Nobel physics prize awarded to 3 for topology work
STOCKHOLM - AP
AP PhotoBritish-born scientists David Thouless, Duncan Haldane and Michael Kosterlitz were awarded this year’s Nobel Prize in physics on Oct. 4 for studies on exotic matter that could result in improved materials for electronics or quantum computers.
The Royal Swedish Academy of Sciences cited the three for “theoretical discoveries of topological phase transitions and topological phases of matter.”
Topology is the study of properties of objects that aren’t changed when the objects are distorted. A doughnut and a coffee cup are equivalent topologically because they each have exactly one hole.
The academy said the laureates’ work in the 1970s and ‘80s opened the door to a previously unknown world where matter takes unusual states or phases.
“Their discoveries have brought about breakthroughs in the theoretical understanding of matter’s mysteries and created new perspectives on the development of innovative materials,” the academy said.

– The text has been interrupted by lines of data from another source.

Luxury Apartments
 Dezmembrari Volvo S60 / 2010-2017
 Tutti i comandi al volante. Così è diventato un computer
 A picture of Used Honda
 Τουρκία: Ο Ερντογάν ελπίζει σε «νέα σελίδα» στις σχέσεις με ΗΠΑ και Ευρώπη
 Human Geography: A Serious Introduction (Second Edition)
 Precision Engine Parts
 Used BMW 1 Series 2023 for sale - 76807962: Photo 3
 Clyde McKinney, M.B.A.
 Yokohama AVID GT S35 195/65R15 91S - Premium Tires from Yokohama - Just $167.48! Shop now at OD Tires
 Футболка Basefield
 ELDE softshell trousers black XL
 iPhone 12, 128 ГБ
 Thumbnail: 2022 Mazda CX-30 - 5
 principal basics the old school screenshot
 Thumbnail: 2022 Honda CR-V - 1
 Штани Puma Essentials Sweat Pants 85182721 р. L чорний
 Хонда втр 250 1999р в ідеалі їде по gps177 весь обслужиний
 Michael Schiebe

The judges said there is now hope that “topological materials will be useful for new generations of electronics and superconductors or in future quantum computers,” the academy said.
Nobel judges often award discoveries made decades ago to make sure they withstand the test of time.
Thouless, 82, is a professor emeritus at the University of Washington. Haldane, 65, is a physics professor at Princeton University in New Jersey. Kosterlitz, 73, is a physics professor at Brown University in Providence, Rhode Island.
Speaking by a phone link to a news conference in Stockholm, Haldane said he was “very surprised and very gratified” by the award, adding the laureates stumbled onto the discoveries.
“Most of the big discoveries are really that way,” he said. “At least in theoretical things, you never set out to discover something new. You stumble on it and you have the luck to recognize what you’ve found is something very interesting.”
This year’s Nobel Prize announcements started Oct. 3 with the medicine award going to Japanese biologist Yoshinori Ohsumi for discoveries on autophagy, the process by which a cell breaks down and recycles content.
The chemistry prize will be announced on Oct. 5 and the Nobel Peace Prize on Oct. 7. The economics and literature awards will be announced next week.
Each prize has a purse of 8 million kronor ($930,000). The winners also collect a medal and a diploma at the award ceremonies on Dec. 10, the anniversary of prize founder Alfred Nobel’s death in 1896.